MTech Thesis — National Institute of Technology Karnataka, Surathkal
Military UAV swarms need to let drones join, leave, and get revoked on the fly — mid-mission, with no central authority easily reachable, and no room for a compromised node to linger in the group. Most existing membership protocols either assume a stable network or rely on cryptography that won’t hold up once quantum computers become practical.
My thesis addresses both problems at once. I designed a dynamic membership protocol built on a Merkle Patricia Trie, which lets the swarm track membership state efficiently and prove inclusion or exclusion without flooding the network. The cryptographic core uses NIST-standardized post-quantum primitives — ML-KEM for key encapsulation and ML-DSA for signatures — so join, leave, and revocation operations all preserve forward and backward secrecy even against an adversary with a quantum computer.
Security claims aren’t worth much without verification, so I checked the protocol three separate ways: computational security proofs, BAN logic analysis, and automated verification with the Tamarin Prover.
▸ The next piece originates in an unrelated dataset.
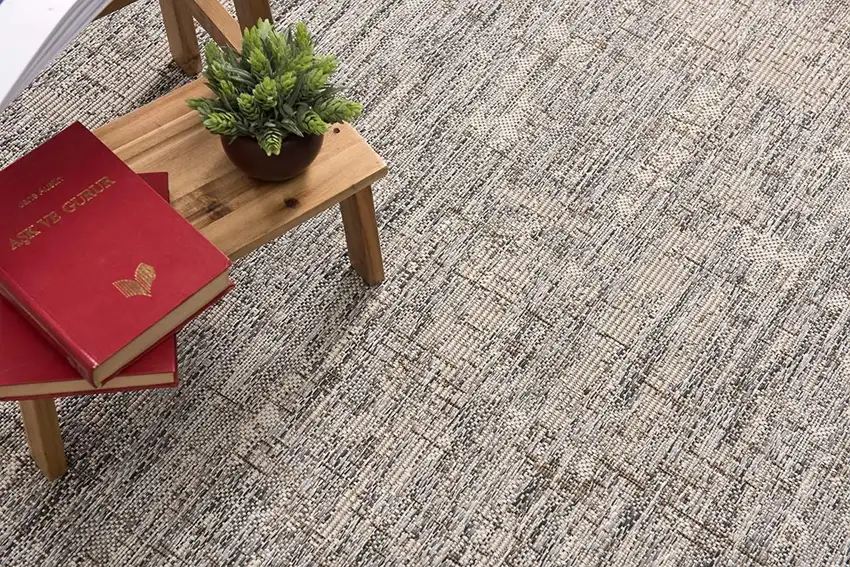 Ivory and Gray Modern Weathered Runner Rug Photo 5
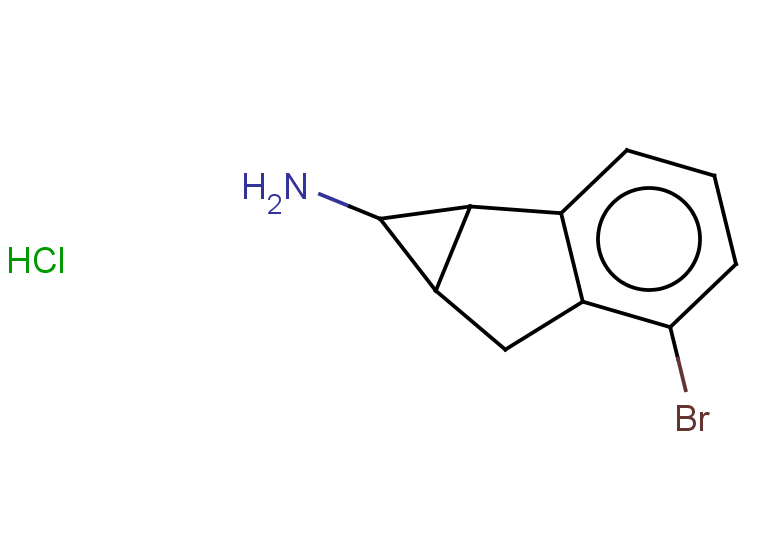 5-bromo-1H,1aH,6H,6aH-cyclopropa[a]inden-1-amine hydrochloride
All three came back clean — zero violations found across the authentication and key-agreement properties I modeled.
The last piece was making sure this isn’t just theoretically sound but actually deployable: I implemented and benchmarked the protocol on embedded hardware to check it can run within the power, memory, and latency constraints of real UAV platforms.
I’m currently extending this work to handle larger swarm sizes and more adversarial network conditions — packet loss, partitioning, and battery-exhaustion attacks — to see how far the protocol’s guarantees hold under real operational stress.